- [WHAT IS NEEDED]: Print a faithful copy of the data below, word for word, with the pictures left out.

- [DATA SHOWN]:

════════

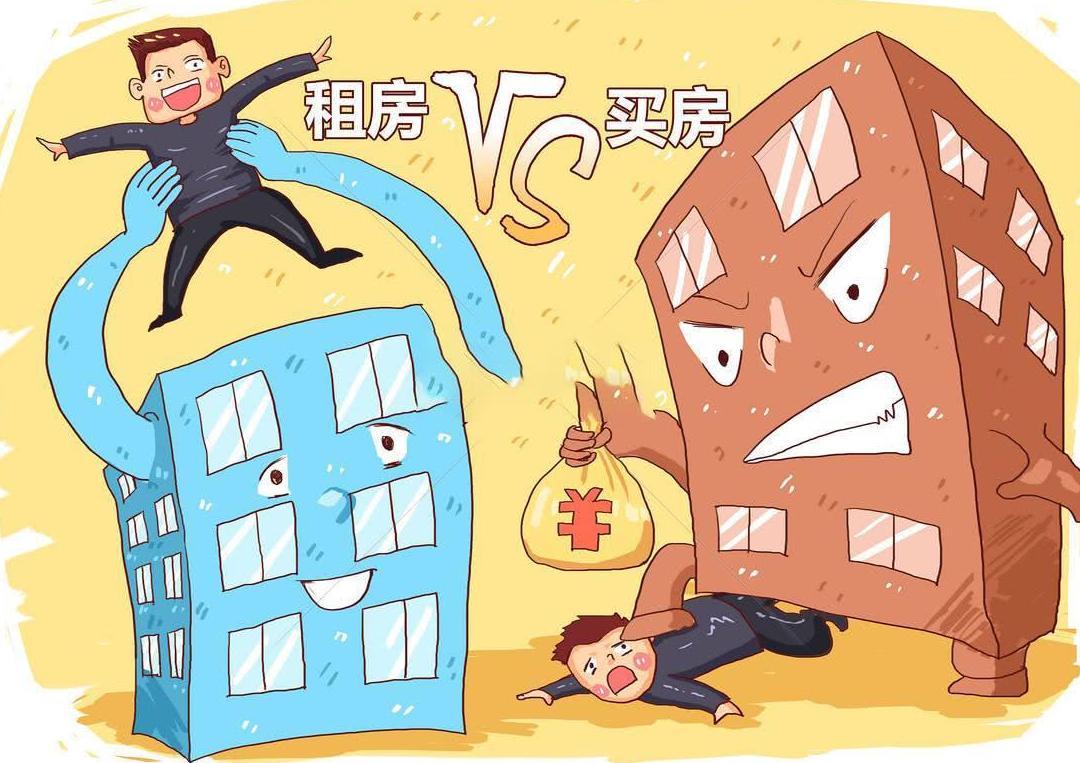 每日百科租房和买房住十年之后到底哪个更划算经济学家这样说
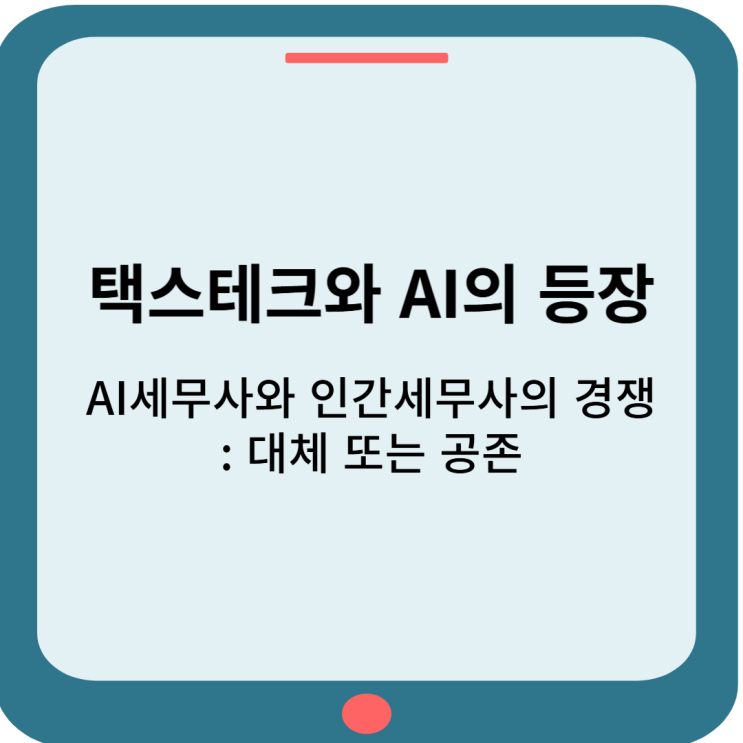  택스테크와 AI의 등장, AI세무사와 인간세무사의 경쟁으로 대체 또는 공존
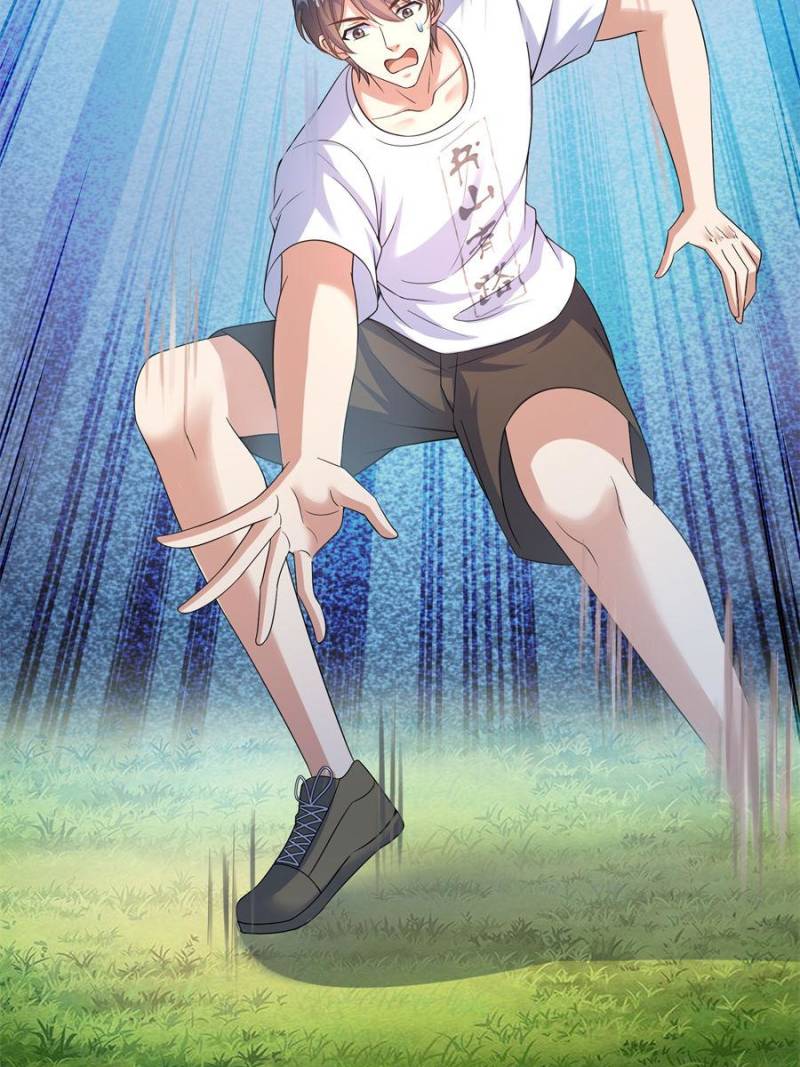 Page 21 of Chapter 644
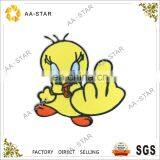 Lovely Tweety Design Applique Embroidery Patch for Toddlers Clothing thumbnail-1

════════

- [EXERCISE RESULT]:
 每日百科租房和买房住十年之后到底哪个更划算经济学家这样说
  택스테크와 AI의 등장, AI세무사와 인간세무사의 경쟁으로 대체 또는 공존
 Page 21 of Chapter 644
 Lovely Tweety Design Applique Embroidery Patch for Toddlers Clothing thumbnail-1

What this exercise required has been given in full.